I have written a detailed chapter-by-chapter review of this book on [...], the first and last parts of this review are given here. For my review of all chapters, search i-programmer DOT info for STIRK together with the book's title.

This book aims to make you the most successful software developer you can be – by enhancing your non-technical soft skills, how does it fare?

This book consists of 71 short chapters (each around 6 pages long), arranged into 7 sections, covering a wide range of non-technical skills that aims to make you a more successful developer. The sections cover: career, marketing yourself, learning, productivity, financial, fitness, and spirit.

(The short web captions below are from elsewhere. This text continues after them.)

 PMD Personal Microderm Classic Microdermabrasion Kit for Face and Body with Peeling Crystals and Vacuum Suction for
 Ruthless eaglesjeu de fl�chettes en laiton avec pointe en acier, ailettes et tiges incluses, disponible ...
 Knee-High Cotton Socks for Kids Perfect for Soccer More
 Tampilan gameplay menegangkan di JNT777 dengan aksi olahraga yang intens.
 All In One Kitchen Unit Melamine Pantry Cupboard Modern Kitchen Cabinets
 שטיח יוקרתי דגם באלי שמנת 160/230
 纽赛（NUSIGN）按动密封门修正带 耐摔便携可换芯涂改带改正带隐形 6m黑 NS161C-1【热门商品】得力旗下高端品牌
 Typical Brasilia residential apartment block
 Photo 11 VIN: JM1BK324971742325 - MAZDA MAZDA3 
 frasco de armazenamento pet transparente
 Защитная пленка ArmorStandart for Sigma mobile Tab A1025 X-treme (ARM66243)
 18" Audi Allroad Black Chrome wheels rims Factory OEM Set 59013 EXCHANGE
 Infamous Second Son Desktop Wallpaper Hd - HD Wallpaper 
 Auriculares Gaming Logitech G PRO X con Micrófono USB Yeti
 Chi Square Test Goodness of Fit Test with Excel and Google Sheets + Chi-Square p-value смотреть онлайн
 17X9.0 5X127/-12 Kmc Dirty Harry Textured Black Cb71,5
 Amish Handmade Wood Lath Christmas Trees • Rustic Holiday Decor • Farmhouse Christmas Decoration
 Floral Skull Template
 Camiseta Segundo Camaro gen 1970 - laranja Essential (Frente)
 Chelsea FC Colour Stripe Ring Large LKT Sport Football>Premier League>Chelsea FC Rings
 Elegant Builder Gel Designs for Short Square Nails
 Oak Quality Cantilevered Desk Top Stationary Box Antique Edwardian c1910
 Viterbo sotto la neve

Since the book covers many topics, the purpose of this review is to give you a taste of the topics covered. Below is a section by section exploration of the topics covered.

Section 1 Career

This is the largest section of the book, and probably considered the most important for many readers. The topics covered include:
Chapter 3. Thinking about the future: What are your goals?

Chapter 5. Hacking the interview
Chapter 9. Climbing the corporate ladder
Chapter 12. Freelancing: Going out on your own
Chapter 18. Don’t get religious about technology

The section opens with the suggestion that the best time for making plans is now, specify some big goals, give them a timeframe, and break them down into achievable pieces of work. Interview advice includes getting the interviewer to like you, emphasising your ability to work independently, and knowing where to go for answers.

It’s suggested that developers should specialize, e.g.